W Tesco zawrzało. "Praca do 14:00 to hipokryzja"

Na plakatach w Tesco przy ul. Ozimskiej 72 w Opolu widnieje informacja o tym, że w Wigilię sklep otwarty jest do 14:00, w rzeczywistości, jak twierdzą pracownicy, niektórzy wyjdą z pracy dopiero około 22:00

W Tesco zawrzało. "Praca do 14:00 to hipokryzja"
Źródło zdjęć: © PAP/EPA

*Na plakatach w Tesco przy ul. Ozimskiej 72 w Opolu widnieje informacja o tym, że w Wigilię sklep otwarty jest do godziny 14:00, w rzeczywistości, jak twierdzą pracownicy, niektórzy wyjdą z pracy dopiero około 22:00. *

- Te plakaty to zwykła hipokryzja - skarżą się pracownicy. - Wiemy, kto i ile czasu będzie pracował. Przecież po wyjściu klientów trzeba rozliczyć utarg, posprzątać halę, zrobić zwroty, bo sklep nie będzie czynny przez kolejne dwa dni – skomentował na łamach „Gazety Wyborczej” jeden z pracowników Tesco.

Pracownicy twierdzą ponadto, że dostali informację od swoich szefów, że najwcześniej wyjdą do domu przed godz. 18:00, niektórzy będą musieli pracować do godz. 20:00, a kierownicy zmiany nawet do 22:00.

Jednak Michał Sikora, kierownik ds. komunikacji zewnętrznej działu korporacyjnego Tesco, powiedział w komentarzu udzielonym „Gazecie Wyborczej”, że wyjście z pracy nie powinno pracownikom Tesco zająć dłużej niż godzinę. Stwierdził również, że w Wigilię pracuje nie więcej niż ok. 15 proc. zatrudnionych.

Przypomnijmy tylko, że o skrócenie godzin pracy przez pracodawców w Wigilię od lat apelują największe polskie związki zawodowe.

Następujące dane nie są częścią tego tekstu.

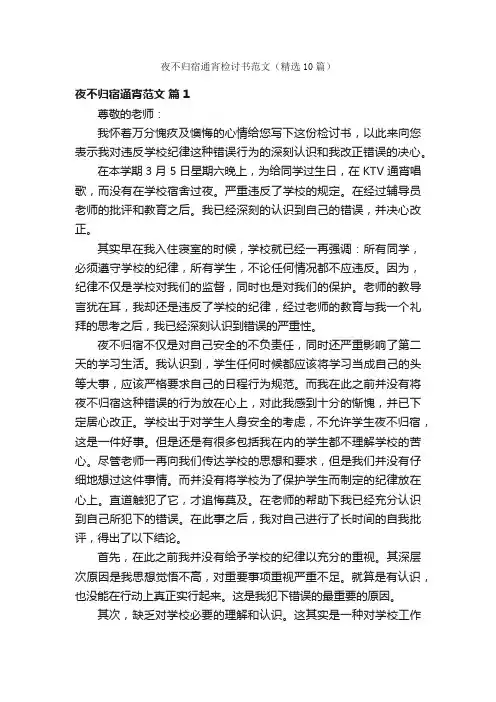 夜不归宿通宵检讨书范文（精选10篇）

Postulaty związków docierają do przedstawicieli branży handlowej, które 24 grudnia skracają godziny pracy. Oprócz Tesco, pracę skraca na przykład Biedronka, w której będzie można zrobić zakupy od godz. 7:00 do 14:00. Do godziny 15:00 będą w Wigilię czynne sklepy sieci Carrefour. Ponadto, jak informuje biuro prasowe firmy, w przypadku sklepów franczyzowych Carrefour Express, decyzje odnośnie godzin otwarcia w okresie świąteczno-noworocznych podejmą bezpośrednio ich właściciele.